What is being asked » Exact copies of the records below are needed, free of pictures.
-------- Data shown
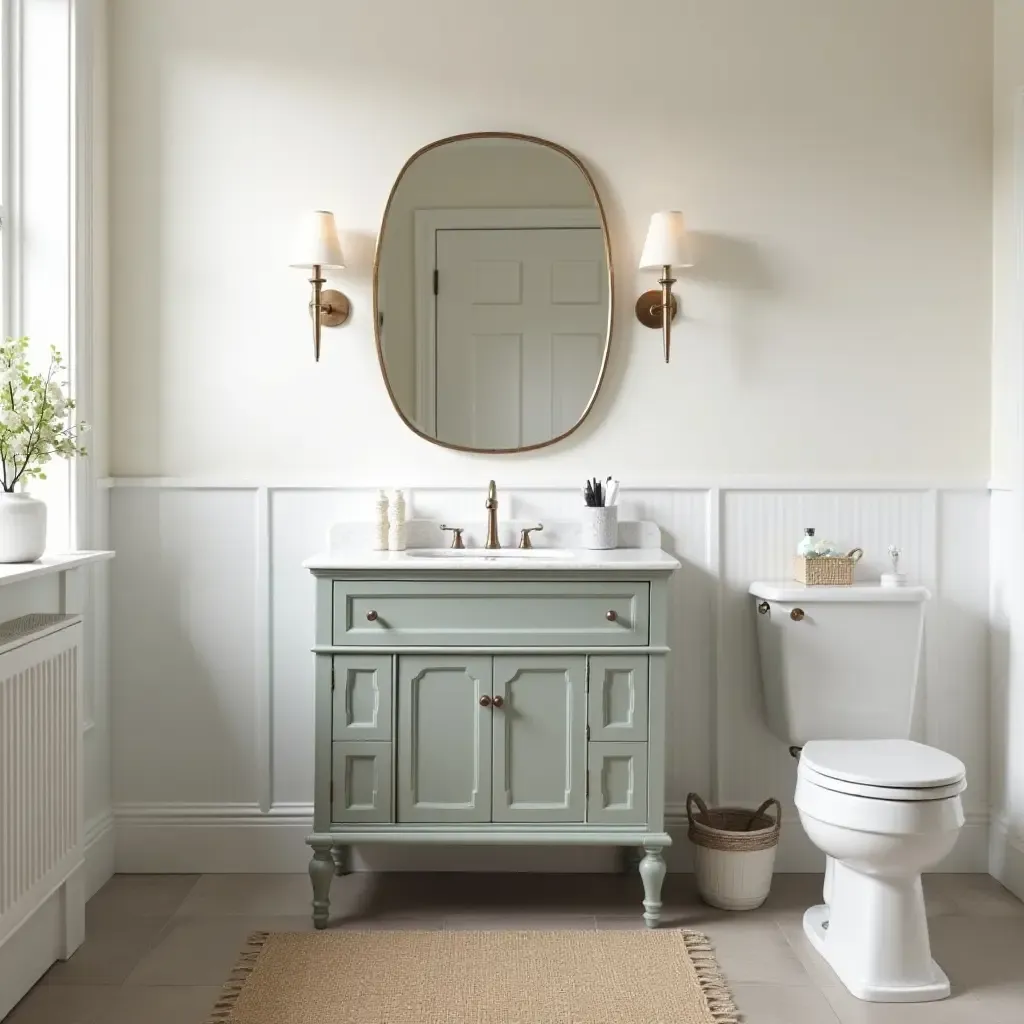 a photo of a charming bathroom vanity with vintage elements and modern touches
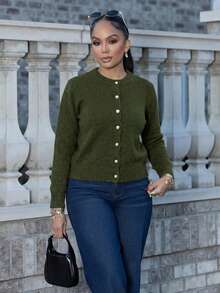 Melissa Matos Cárdigan minimalista y versátil de unicolor para mujer - Verde militar - Ver 4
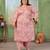 Pink color rayon slub printed plus size kurta set for girls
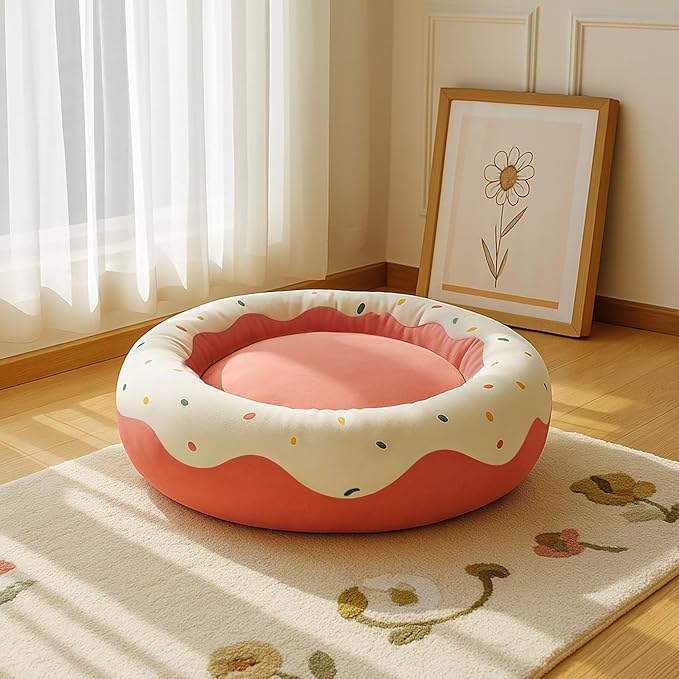 Cute Cat Beds Kitten Beds, Soft Small Dog Beds, Washable Pet Beds for Puppy and Kitty, Funny Donuts Shape, 24 Inch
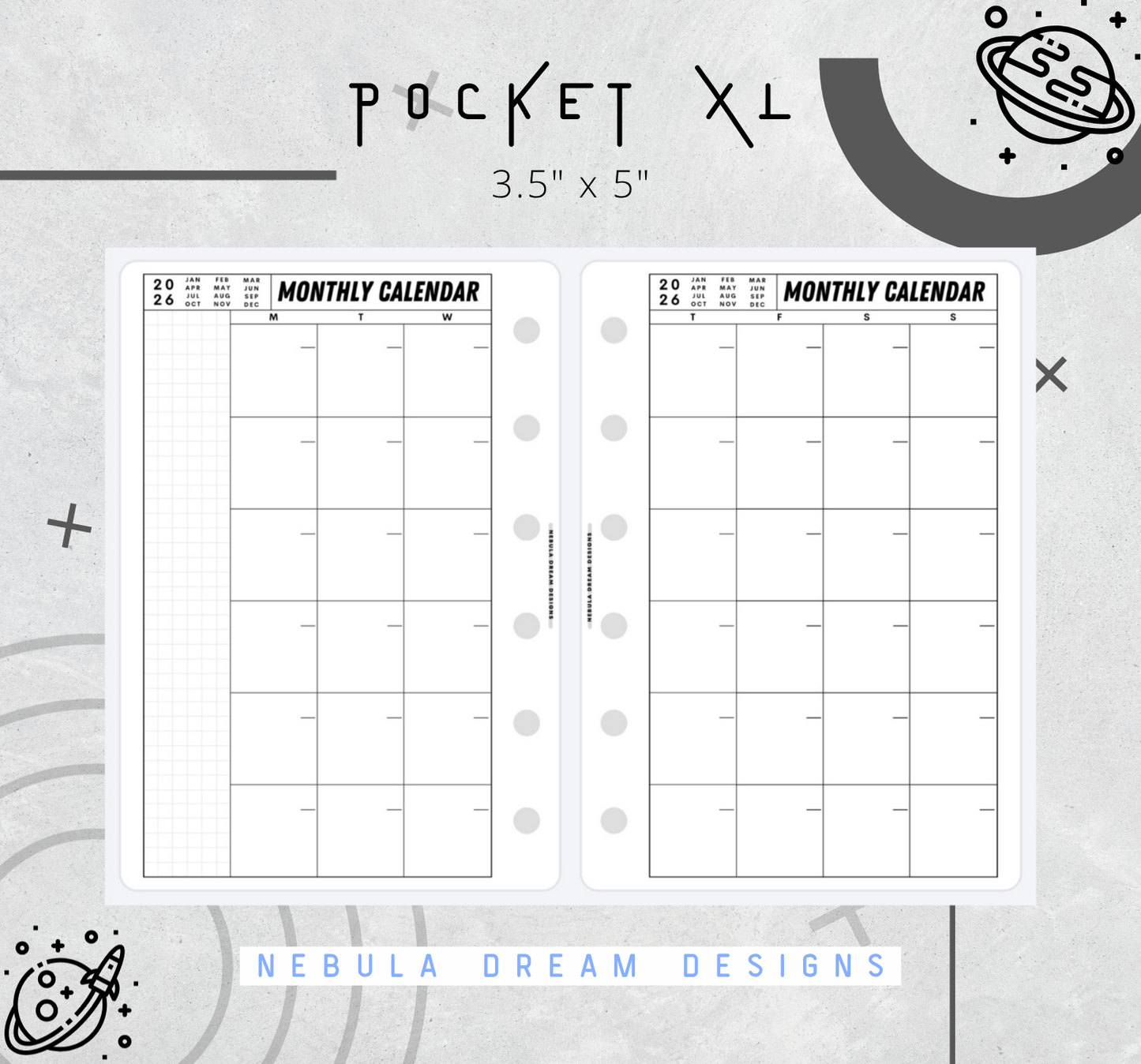 Nylo Inserts - Monthly Calendar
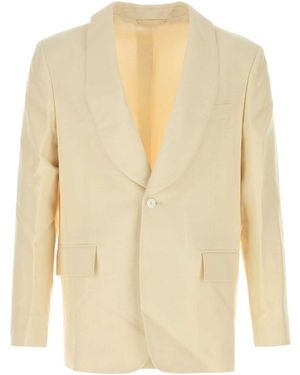 Bode Slub Weave Tuxedo Blazer - Natural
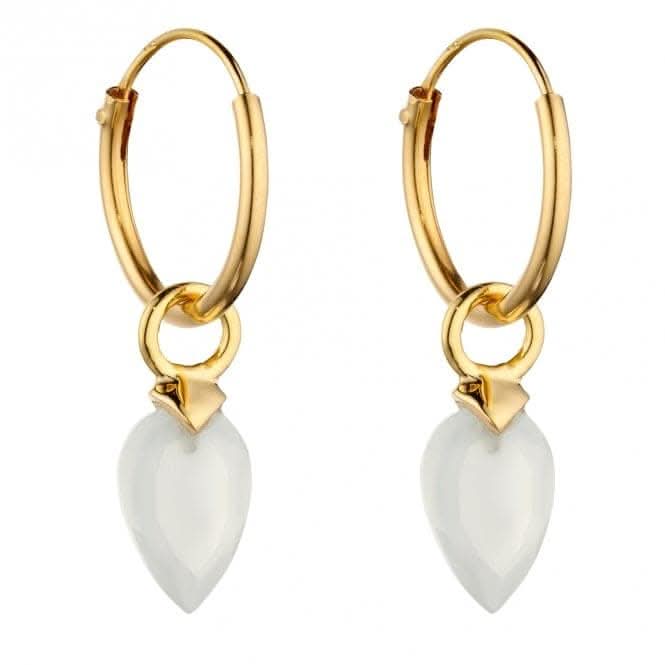 April Yellow Gold Plated Birthstone Chalcedony Stone Hoop Charm Earring Y2664BeginningsY2664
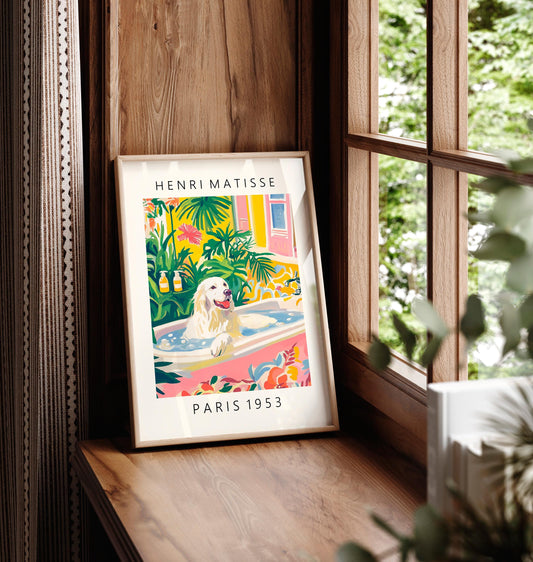 Great Pyrenees in bathtub, Matisse wall art, Funny bathroom poster for dog lovers, Pink dopamine decor, Dog art print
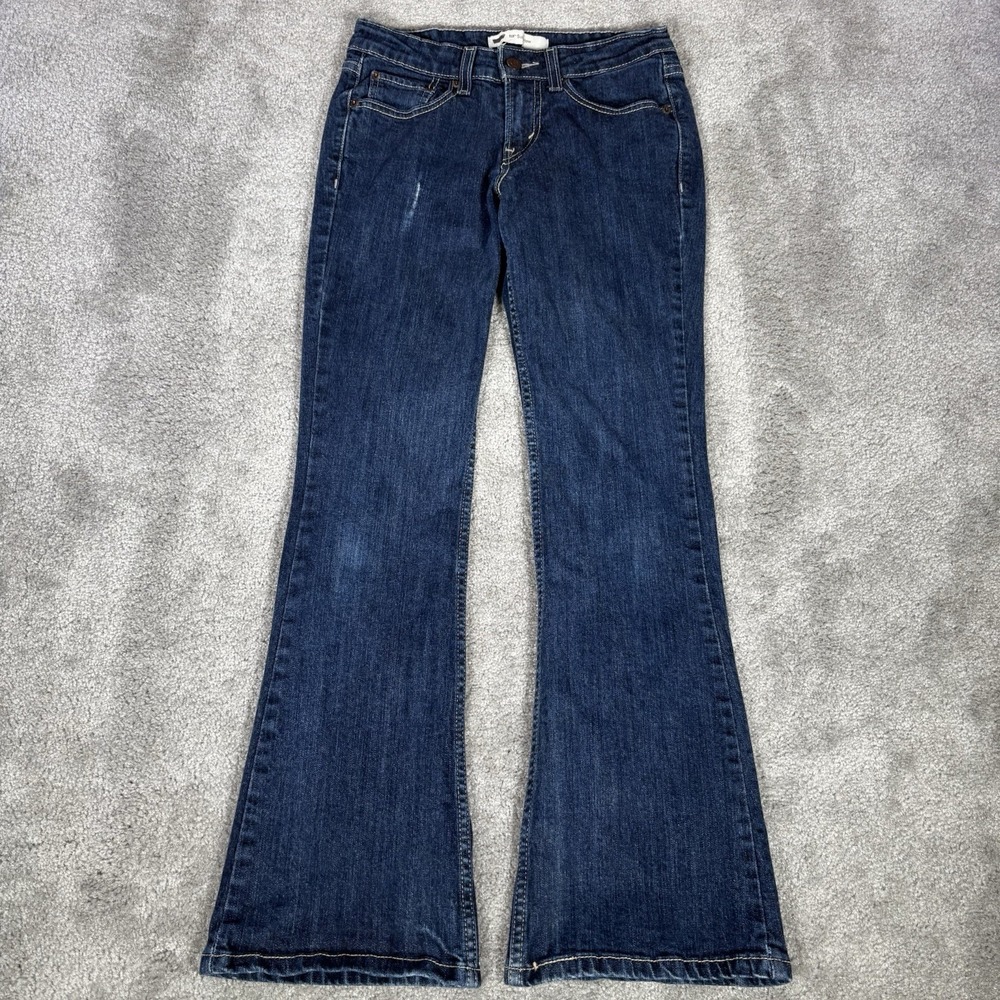 Levis 518 Superlow Jeans Women 3S 26x30 Low Rise Bootcut Dark Blue Denim Western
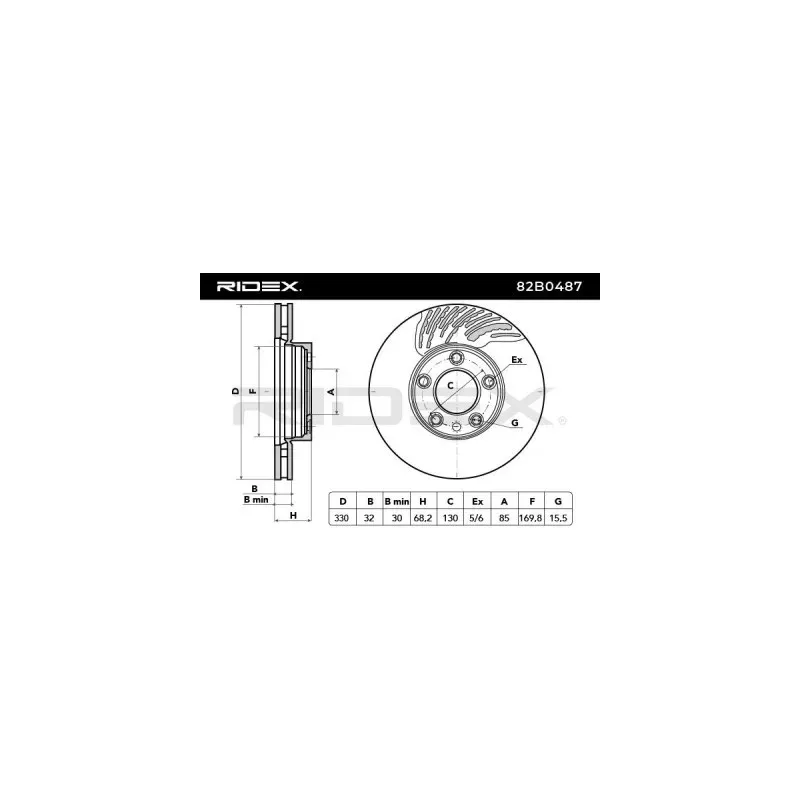 Disque de frein pour PORSCHE, VAG VW- 7L6615302P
----------------
Result for this exercise »
 a photo of a charming bathroom vanity with vintage elements and modern touches
 Melissa Matos Cárdigan minimalista y versátil de unicolor para mujer - Verde militar - Ver 4
 Pink color rayon slub printed plus size kurta set for girls
 Cute Cat Beds Kitten Beds, Soft Small Dog Beds, Washable Pet Beds for Puppy and Kitty, Funny Donuts Shape, 24 Inch
 Nylo Inserts - Monthly Calendar
 Bode Slub Weave Tuxedo Blazer - Natural
 April Yellow Gold Plated Birthstone Chalcedony Stone Hoop Charm Earring Y2664BeginningsY2664
 Great Pyrenees in bathtub, Matisse wall art, Funny bathroom poster for dog lovers, Pink dopamine decor, Dog art print
 Levis 518 Superlow Jeans Women 3S 26x30 Low Rise Bootcut Dark Blue Denim Western
 Disque de frein pour PORSCHE, VAG VW- 7L6615302P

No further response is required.